Following today’s news that the Serious Fraud Office (SFO) is moving in on the Tesco £263m auditing ‘black hole’, I suspect that several people I know and like will be feeling quite apprehensive at the prospect of some serious official questioning. There is something in this story – from what has emerged so far – that’s rather reminiscent of the scandal that surrounded the British parliamentary expenses system a few years ago. But the numbers are, of course, bigger this time.
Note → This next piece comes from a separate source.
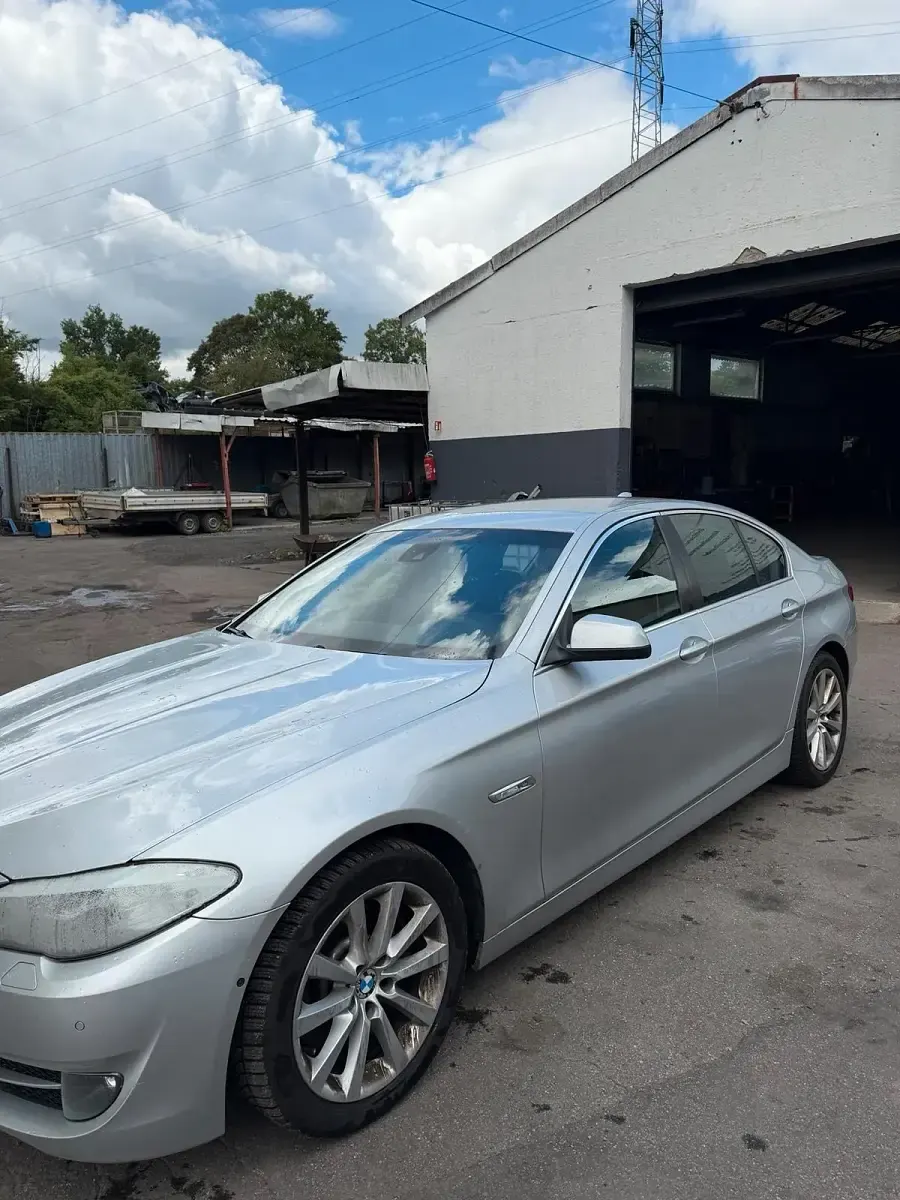 Gebraucht BMW 530 245 PS (180 kW) 2011 Grau Limousine
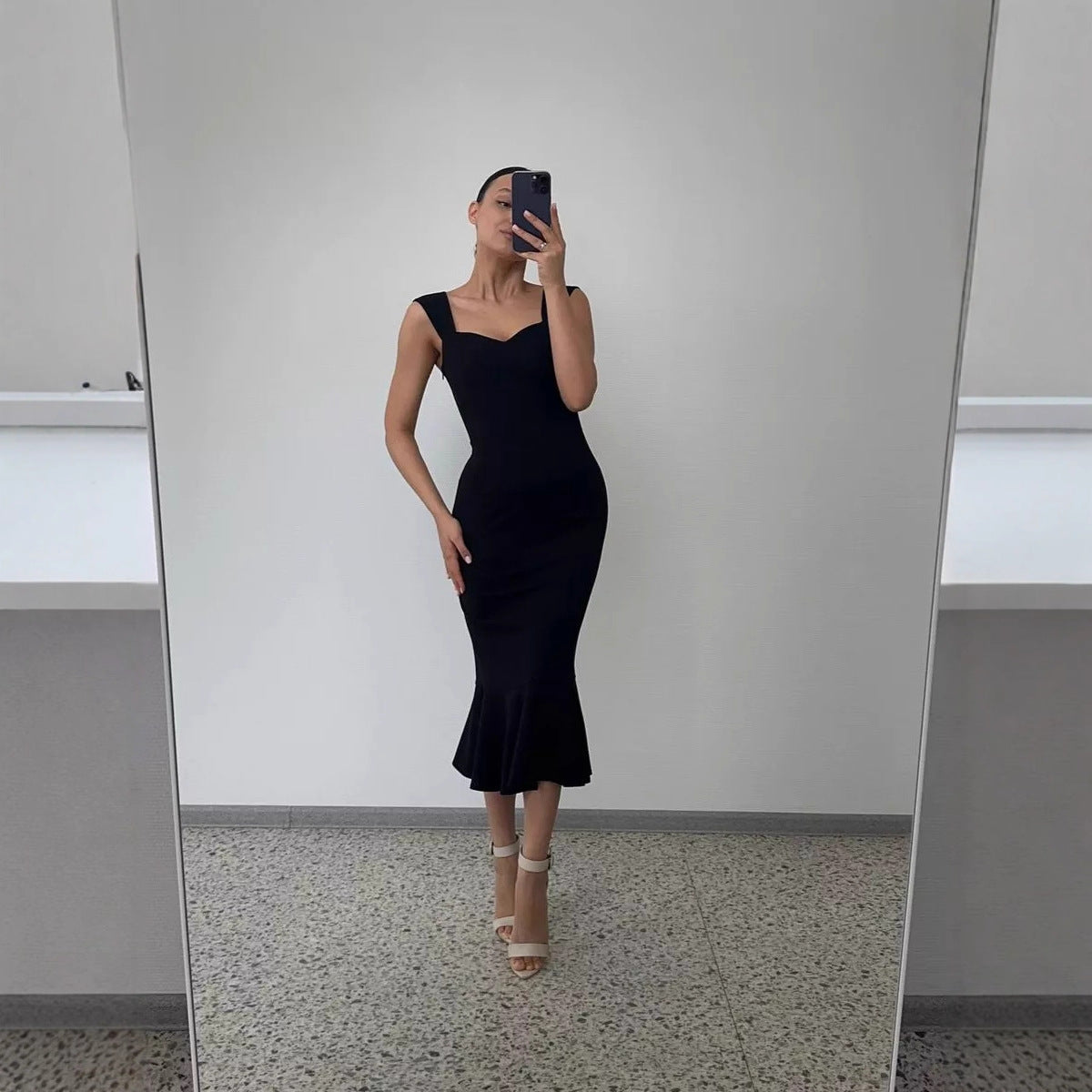 Damen Wickelkleid mit elegantem Herzausschnitt und schwingendem Saum R&B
In both cases, a group of people knew at least part of what was going on – and knew that others in the loop knew – but no one was talking. In the Westminster scandal, members of parliament annually pocketed thousands of pounds to cover payments for which they were absolutely not eligible. This is precisely what Tesco is accused of doing: asking suppliers for money that should only have been payable if sales of their products had been greater than they actually were. In technical terms, the accusation is that the retailer was ‘bringing forward rebates’: or, as an accountant might say ‘claiming profits that have not yet been made’. Which sounds to me rather like the classic Israeli military term, ‘pre-emptive retaliation’.
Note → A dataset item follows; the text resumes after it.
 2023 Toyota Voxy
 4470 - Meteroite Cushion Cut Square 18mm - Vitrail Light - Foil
Getting sales projections wrong is not very difficult; quite the reverse. But at Tesco, it looks as though it was happening on an industrial scale, and over several years. Profits are believed to have been overstated by £118m in the first half of 2014, by £70m in the 2013-2014 financial year and by £75m prior to that. Given the limited number of suppliers big enough to make these kinds of payments and with whom supermarkets have close relationships, it is more than likely that the retailer will have made a number of visits to the same well. (Wine-focused readers should note that as I mentioned previously, it is very likely that wine suppliers will only have been contributing in the same way – and at relatively smaller levels – as much bigger companies such as Coca Cola, Unilever and Procter & Gamble).
The SFO investigation will take a long while: the numbers are big and the stakes high. But while the wheels grind small and slow, there are bound to be increasing discussions over the nature and desirability of the ‘commercial income’ that lies at the heart of this saga. Some readers of own little piece may have gained the impression that I prefer the German discounter model of net sales in which the payments only ever go from retailer to supplier and not vice versa.
Far from it. In fact, I entirely understand the logic of suppliers contributing to retailers financially in the context of a strategy to build sales – and ultimately profitability – of a brand.
The JBP sounds like a very good idea. What’s not to like? Well, actually, as several respondents to the piece have made clear, rather a lot. First, it naturally favours the trend towards small numbers of big retailers trading with small numbers of big suppliers. A JBP makes no sense when applied to smaller producers and importers. As Angela Mount, former wine buyer at the now-closed UK retailer Somerfield said in a recent Harpers piece, she was almost obliged to work with companies with the “most lucrative promotional strategies and marketing money”. Her employers told her to “Get the brands listed who are going to give us money…”
Second, even when signed between grown ups, a JBP can be a very unequal arrangement.
In other words, rather like the UK being fined by the EU for having the fastest-recovering economy in Europe, wine producers can be penalised by their customers for making a product consumers enjoy drinking and believe to be good value. Suppliers can of course walk away from the table when the play gets too rough, but the world is full of wine and plenty of companies ready to adapt their modus operandi to the UK model. Like a Victorian schoolboy who keeps a book ready to stick down the back of his trousers in case of a beating from the teacher, they hold a cash reserve with which to fund retailers’ unexpected calls for cash.
The point to be stressed is that nothing I have just described necessarily fits into the remit of the SFO enquiry. In other words, as long as the retailer keeps its accounts correctly, it will be breaking no rules. Whether this is all a Good Thing is a matter of opinion.